Opinião
Clarice Lispector estreia-se, em 1944, com o romance Perto do Coração Selvagem e deixa leitores e crítica perplexos com tamanha inovação da escrita, com tal domínio do Verbo. Perplexidade multiplicada com a revelação de que esta estreante no mundo das letras contava apenas 19 Primaveras. Laços de Família surge 16 anos depois, em 1960, como quinto livro de uma autora que já nasceu matura. A palavra é barro pronto a moldar pela pena de Clarice, o resultado são algumas das mais belas e inesperadas peças de artesanato que formam o panteão da literatura mundial. É injustíssima a indeferença que esta precoce artista tem no nosso país, pátria-mãe da língua que a escritora molda exemplarmente. Ao longo dos treze contos que dão corpo a este livro Clarice, no seu melhor (como em tudo o que escrevia), leva-nos de forma arrebatadora por um mundo que é o nosso, mas que nos vamos apercebendo que não conhecemos. As personagens não são complexas, cabem em poucas palavras, mas são complexas as suas experiências. Uma escrita em tudo original, mas onde se lêem marcas da náusea de Sartre. Um mundo gasto "tão rico que apodrecia", mas mais podre ainda por dentro. O mundo dentro das personagens, o mundo que atravessa cada um de nós e ao qual fugimos e que fingimos ou preferimos ignorar.

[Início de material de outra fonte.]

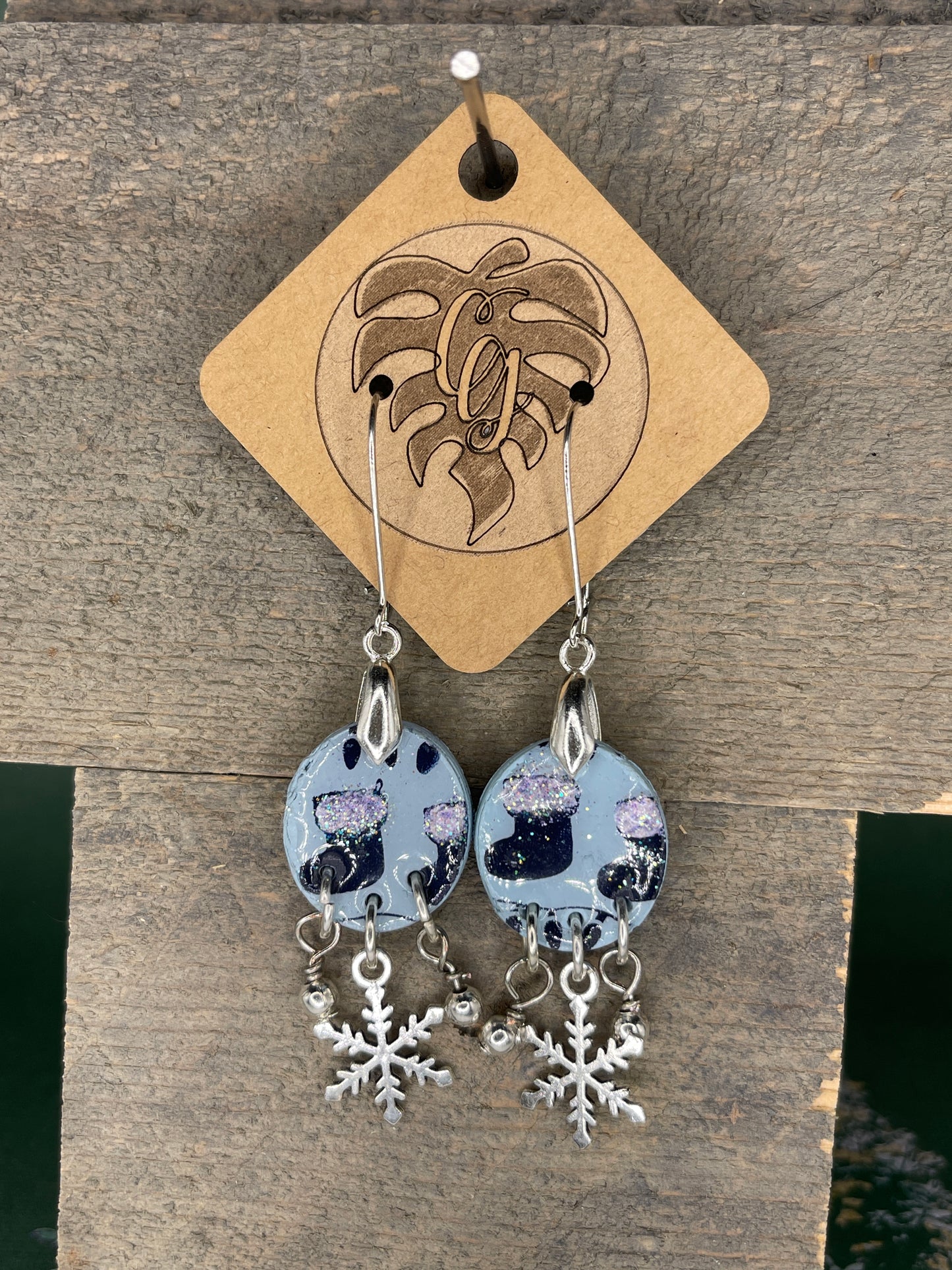 Handmade Christmas Polymer Clay Earrings | Festive Holiday Dangles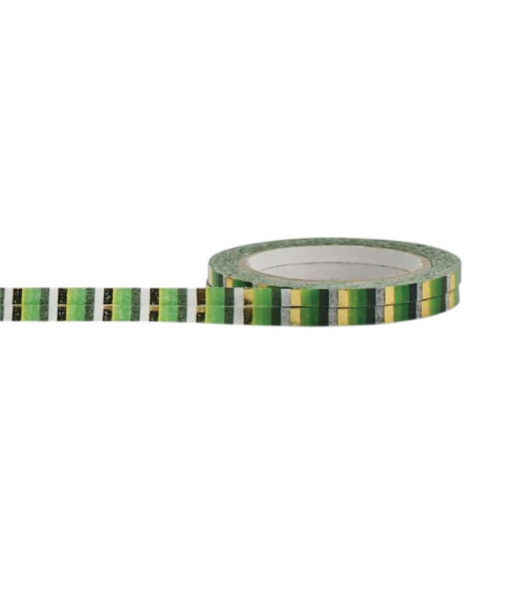 Little B washi tape - Gold Foil Green Stripes - Image 2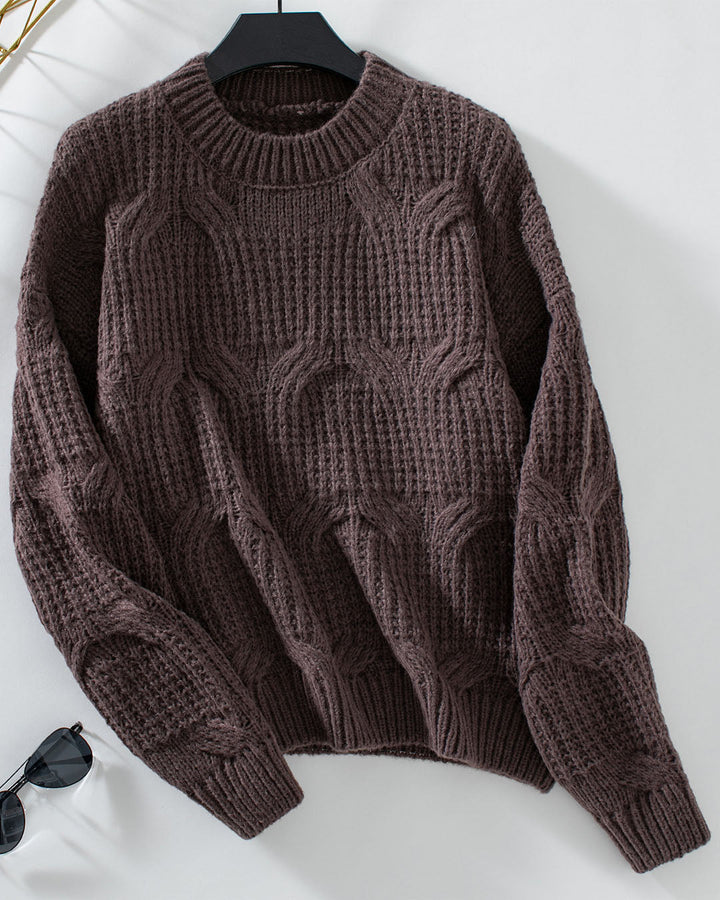 Drune uni Farbe Kabelstrickpullover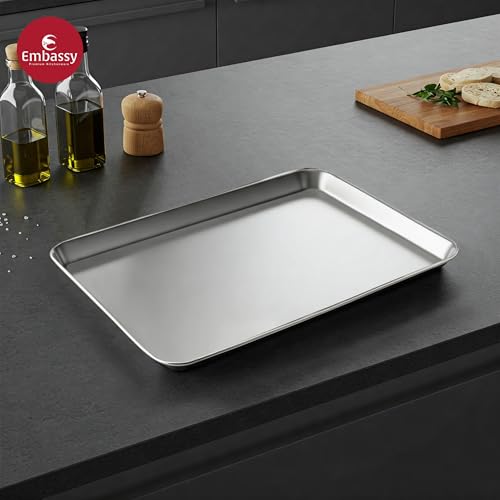 Embassy Stainless Steel Rectangle Deep Tray | 37x25 cm (L x B) | Serving Tray for Kitchen | Food Tray for Parties, Catering, Dining, Baking & Everyday Use | Dishwasher Safe & Easy to Clean - Image 4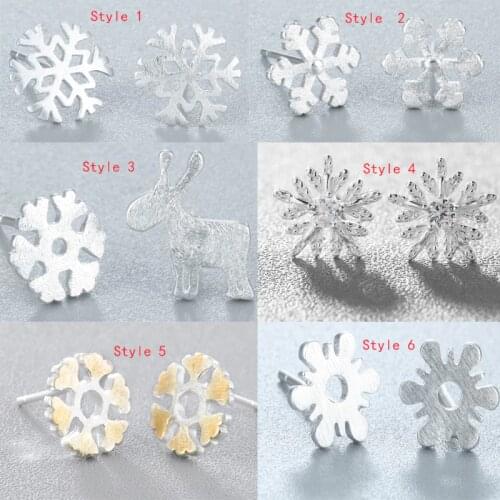 Chandler Korean Snowflake Stud Earrings For Women Anti Allergy Flower Post Piercing Minimalist Jewelry Christmas Gift Dropship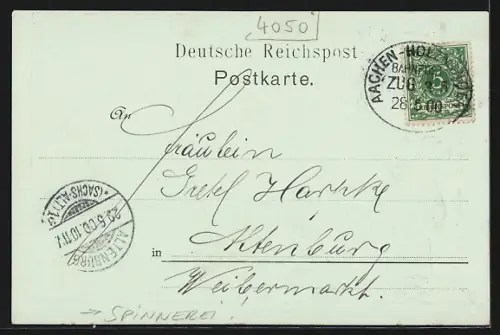 AK M. Gladbach, Spinnereri, Unterne Krefelderstrasse im Mondschein, Ortspanorama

Um livro que não basta ler, não basta, sequer, reler uma só vez. Um livro cuja primeira leitura é já uma releitura de nós mesmos, por isso nos vai tirando o fôlego em cada conto, pelo menos até que atinjamos o climax de cada pequena história que se vai desenrolando ao sabor do que nos surpreende sem que consigamos, a "olho nú", de forma imediata, vislumbrar o que verdadeiramente nos incomoda ali, o que mexe connosco, o que nos faz pensar...
Clarice Lispector é, desde já, proibida aos consumidores compulsivos de literatura ultra-light (leia-se Paulo Coelho ou Margarida Rebelo Pinto), seria o mesmo que dar Lobo Antunes a quem nunca leu nada além de Patinhas - uma violência.

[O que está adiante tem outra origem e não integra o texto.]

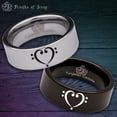 thumbnail image 1 of Bass Clef Heart Plain Tungsten Carbide Ring, 1 of 9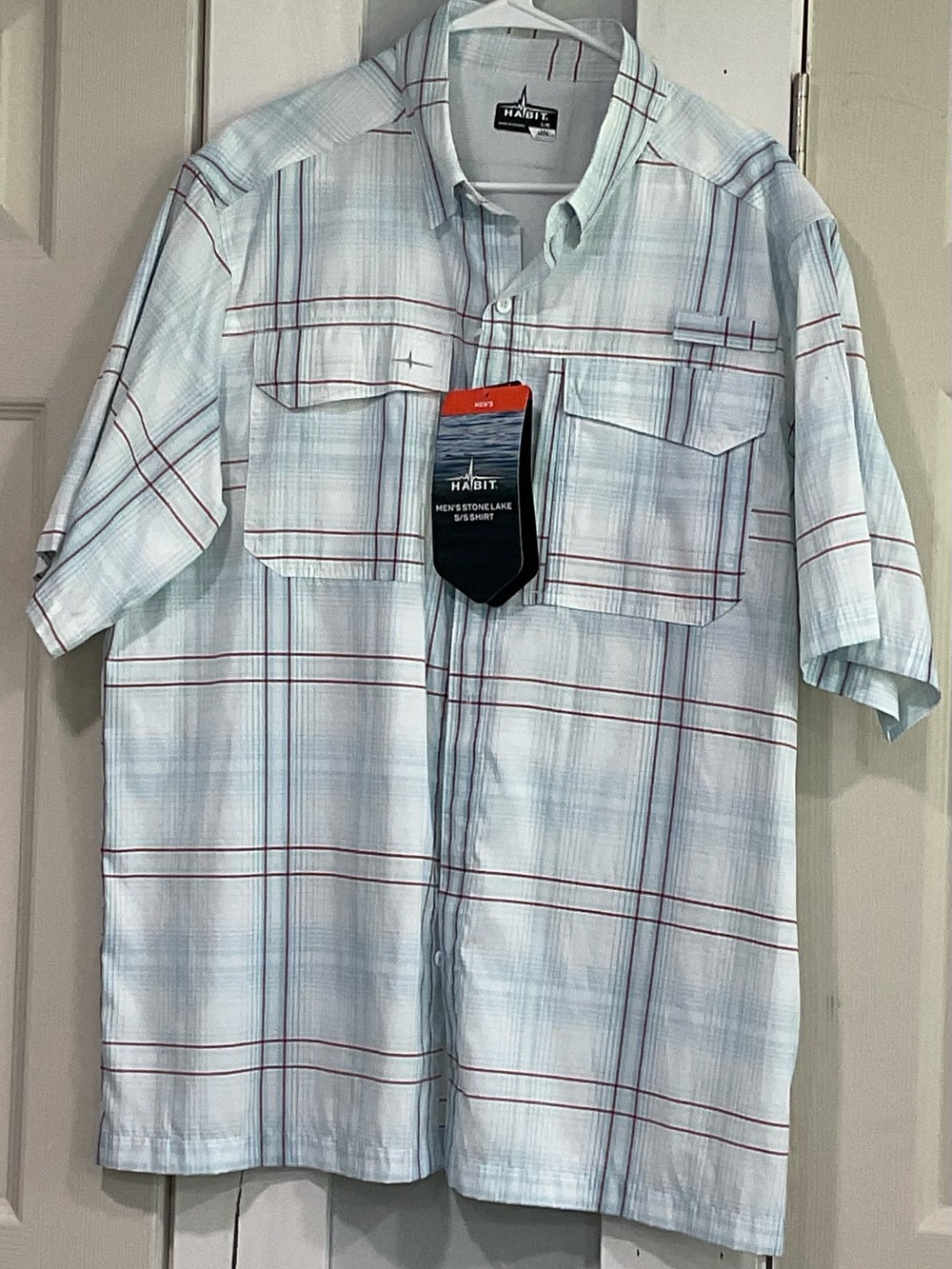 Habit Stone Lake Men’s Large Plaid UPF 40 Fishing Shirt Short Sleeve NWT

Clarice Lispector, desde já obrigatório a quem sente amor à palavra, a quem a quer ler revestida de todo o seu esplendor, a quem quer ler imagens que jamais imaginou que alguém pudesse descrever, mas que só lerá verdadeiramente o que não se deixar cegar pelo esplendor e conseguir penetrar nas entranhas da realidade crua dum "mundo tão rico que apodrecia". Será de Clarice o/a que conseguirem sentir na garganta "a náusea(...) como se estivesse grávida e abandonada".

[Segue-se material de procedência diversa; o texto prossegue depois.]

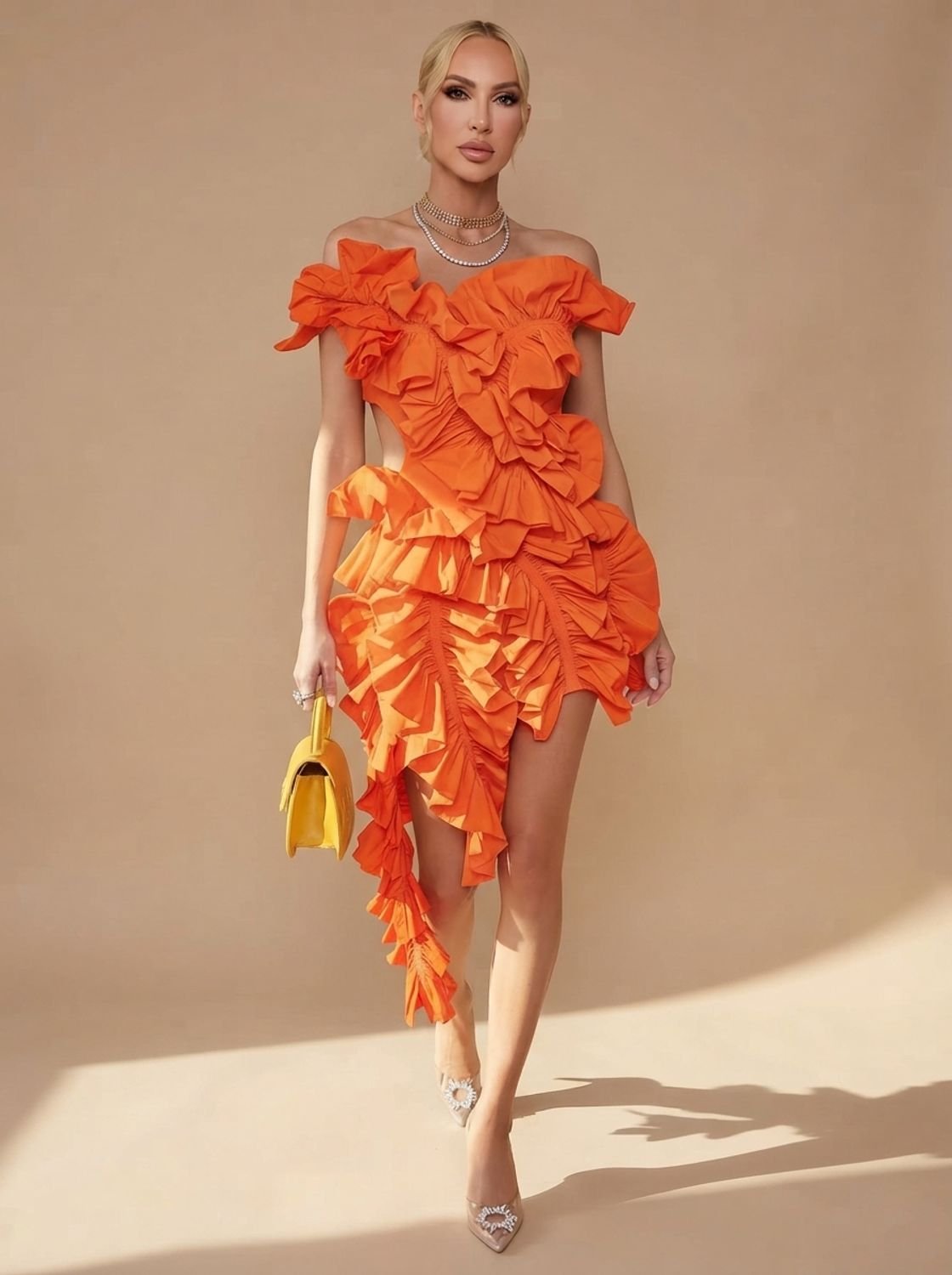 Women's Off-Shoulder Ruffled Asymmetric Cocktail Mini Dress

«As árvores estavam carregadas, o mundo era tão rico que apodrecia. Quando Ana pensou que havia crianças e homens grandes com fome, a náusea subiu-lhe à garganta, como se ela estivesse grávida e abandonada. A moral do Jardim era outra. Agora que o cego a guiara até ele, estremecia nos primeiros passos de um mundo faiscante, sombrio, onde vitórias-régias boiavam mostruosas.»